··· RAW DATA ···

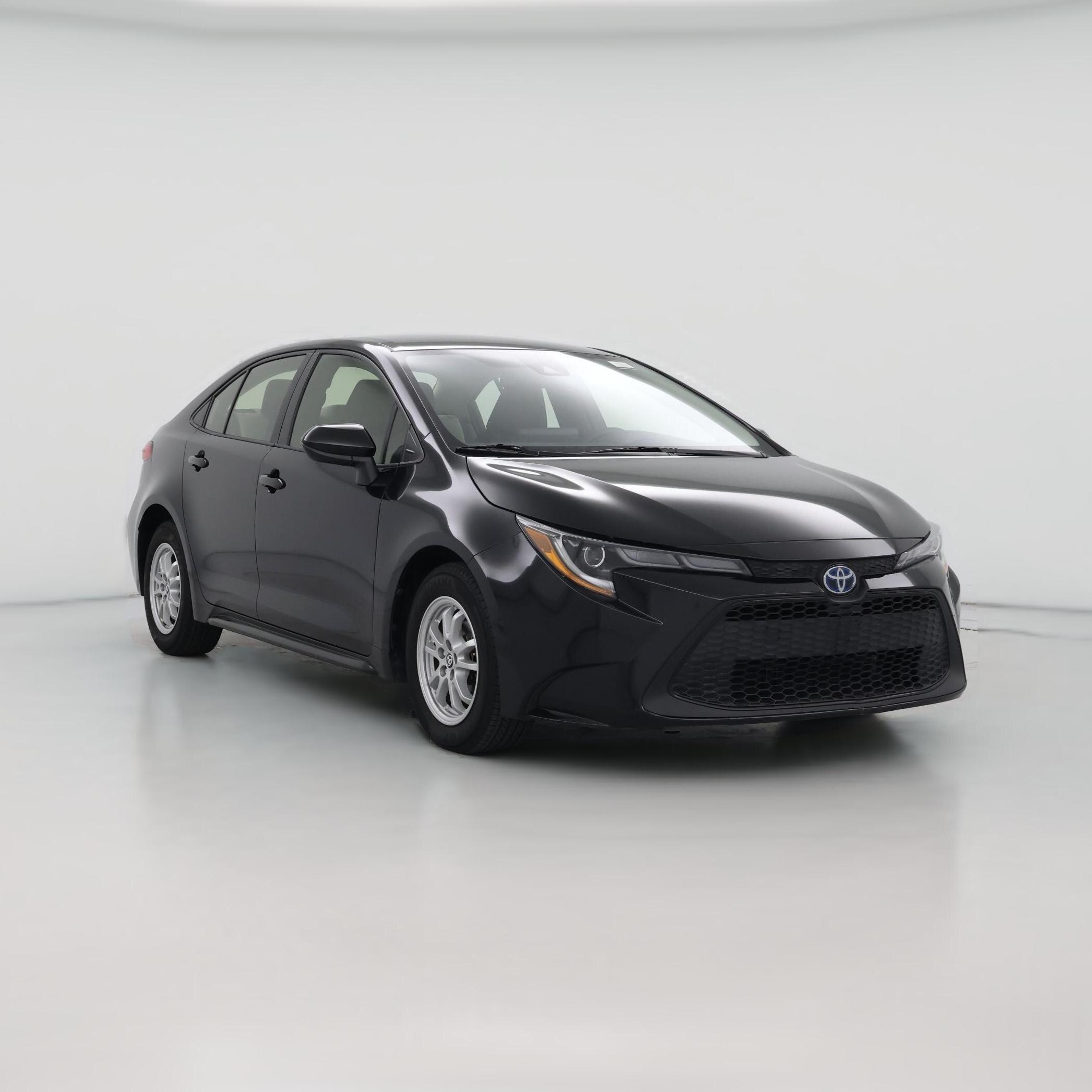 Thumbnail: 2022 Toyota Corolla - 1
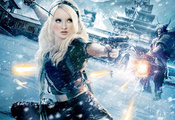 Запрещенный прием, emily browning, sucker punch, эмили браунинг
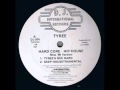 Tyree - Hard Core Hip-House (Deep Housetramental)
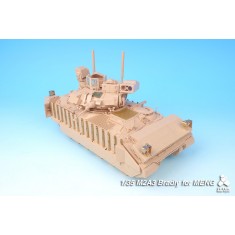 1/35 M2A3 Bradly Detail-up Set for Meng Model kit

···
··· RAW DATA ···

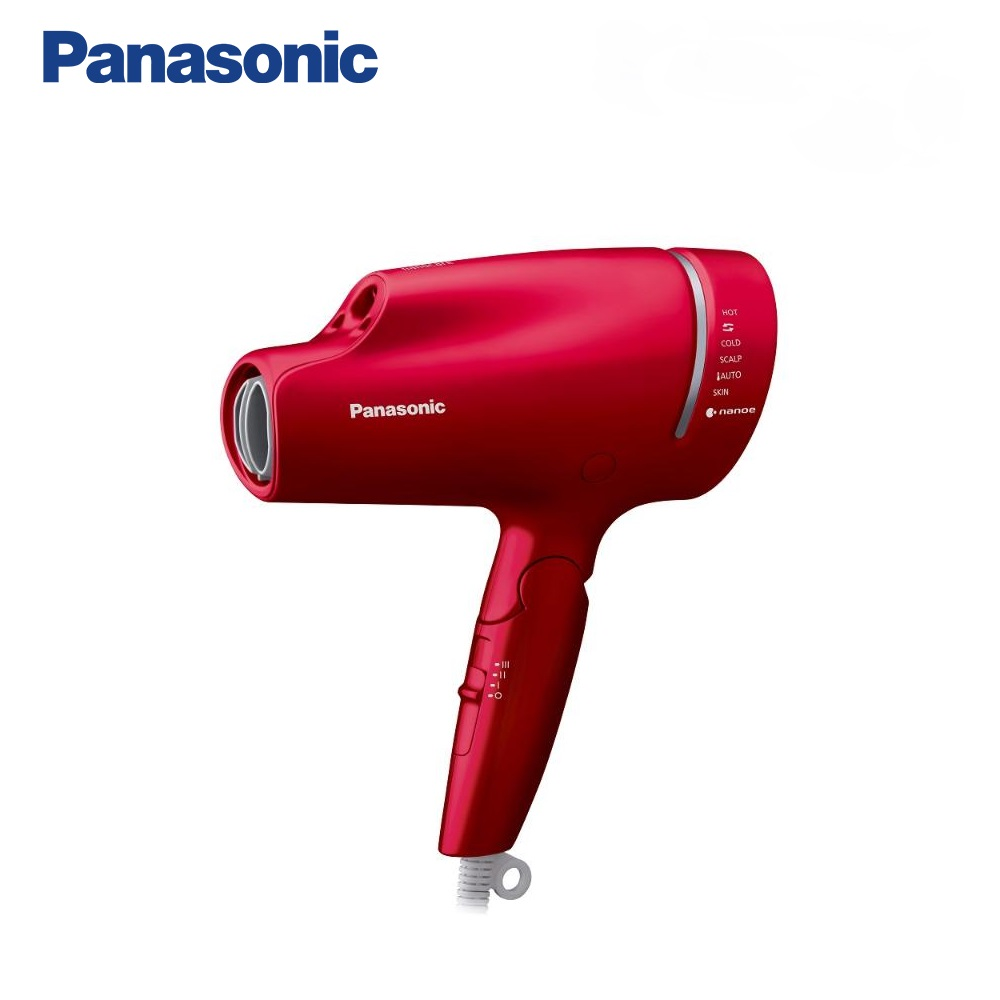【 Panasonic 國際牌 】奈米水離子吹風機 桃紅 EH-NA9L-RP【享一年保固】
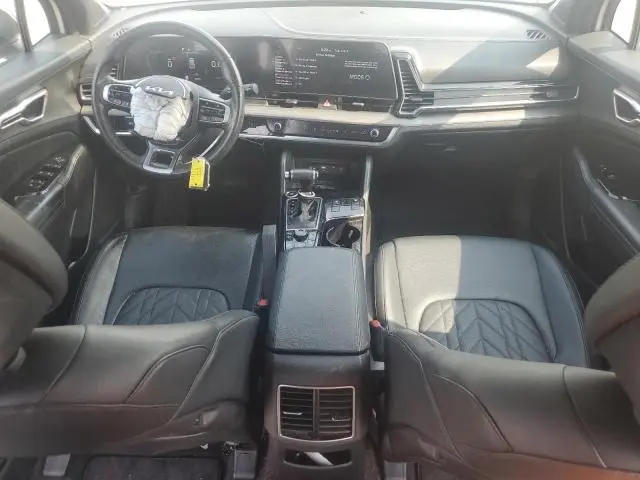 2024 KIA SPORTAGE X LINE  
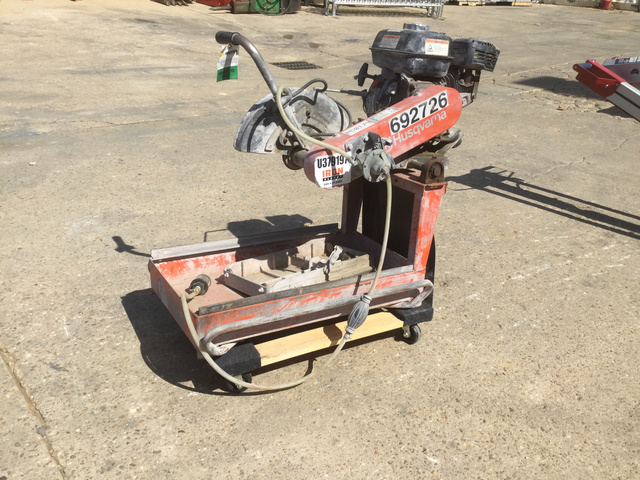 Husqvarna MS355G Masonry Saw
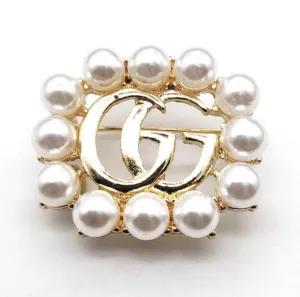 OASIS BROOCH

···

TASK PROMPT: Copy only these lines from the records above, exactly: the one with "Thumbnail: 2022 Toyota Corolla - 1", the one with "1/35 M2A3 Bradly", and those between. Skip the pictures.

SOLUTION:
 Thumbnail: 2022 Toyota Corolla - 1
 Запрещенный прием, emily browning, sucker punch, эмили браунинг
 Tyree - Hard Core Hip-House (Deep Housetramental)
 1/35 M2A3 Bradly Detail-up Set for Meng Model kit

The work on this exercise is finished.